Once programmed and launched, the Shahed-136 is said to have a range greater than 1,000 kilometres, making it the ideal platform for one-way trips into Ukrainian cities, laden with 50 kilograms of high explosives.

Travelling at speeds faster than a car on a freeway — around 180kph — they fly low and slow, but never alone, usually moving in a flock of two to five aircraft, sharing or "bouncing" data signals between them as they go.

Air defence systems can, and often do, detect the UAVs in flight, but their low value presents a budget dilemma, if not an ethical one too, for operators running top-end airspace shields: whether to "waste" a $1-million missile on a cheap piece of kit worth only a fraction of that price, or keep it for advanced, high-tech missile assaults.

More often, attempts to down the flying bombs are left to machine guns or assault rifles in the hands of soldiers on the last line of defence.

Video released by an adviser to Ukraine's minister of internal affairs showed national police officers shooting down one of the drones while on a Kyiv street, with the flying machine crashing, in a huge explosion, just next to them.

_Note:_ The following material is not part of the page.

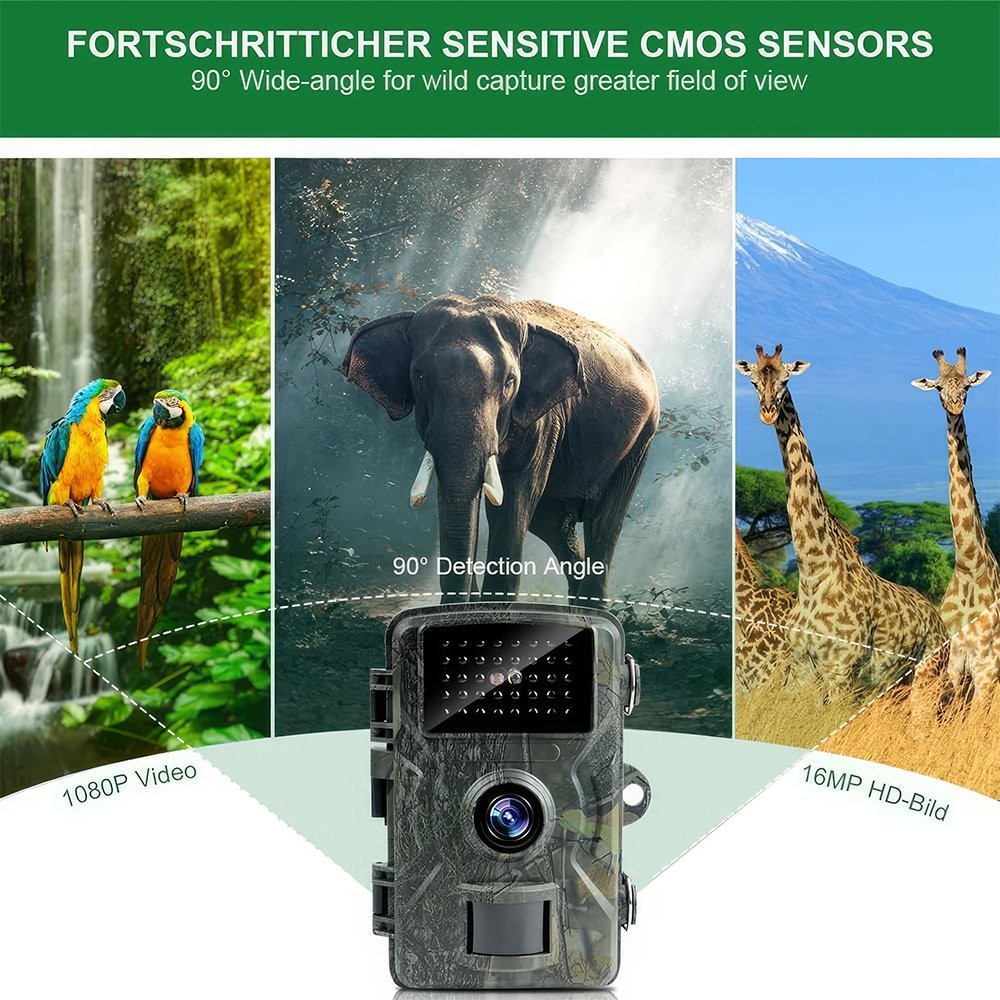 16MP 1080P Hunting Trail Camera Night Vision Motion Activated Scout Cam Monitor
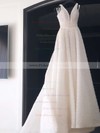 Ball Gown V-neck Chapel Train Tulle Pearl Detailing Wedding Dresses #PDS00023841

In the minds of designers and owners, these systems offer the added "bonus" of being harder to destroy before swarms are launched because the drones are stored in portable racks mounted on trailers, making them easy to hide or shift before satellite intelligence gets a fix on them.

"They fly low and you can send them in waves," military expert Justin Crump — the chief executive of risk analyst consultancy Sibylline — told the BBC.

"These swarms of drones are much harder to counter by air defences."

Killer drones a moral quandary

In the warped world of military industrial planners and arms dealers, automated, stand-off and drone weapon technology has long been viewed as the holy grail for future forms of "networked" warfare and their potential unethical use has been endlessly explored in movies and books.

Only now, in Russia's invasion of Ukraine, does the world seem to recognise the real-life quandary they present when used in heavily built-up urban areas occupied by civilians.

Much is already being made by the United Nations, European diplomats and leaders around the globe, condemning the sorties on Kyiv.

In most cases, and especially in the US, those who decry armed drones do so knowing they also possess weapons of similar or greater killing capacity — and have used them.

Sadly, for the people of Ukraine, or any other country embroiled in protracted war, talk is cheap.

Even worse, so are the drones being used with apparent abandon and to devastating effect on humanity.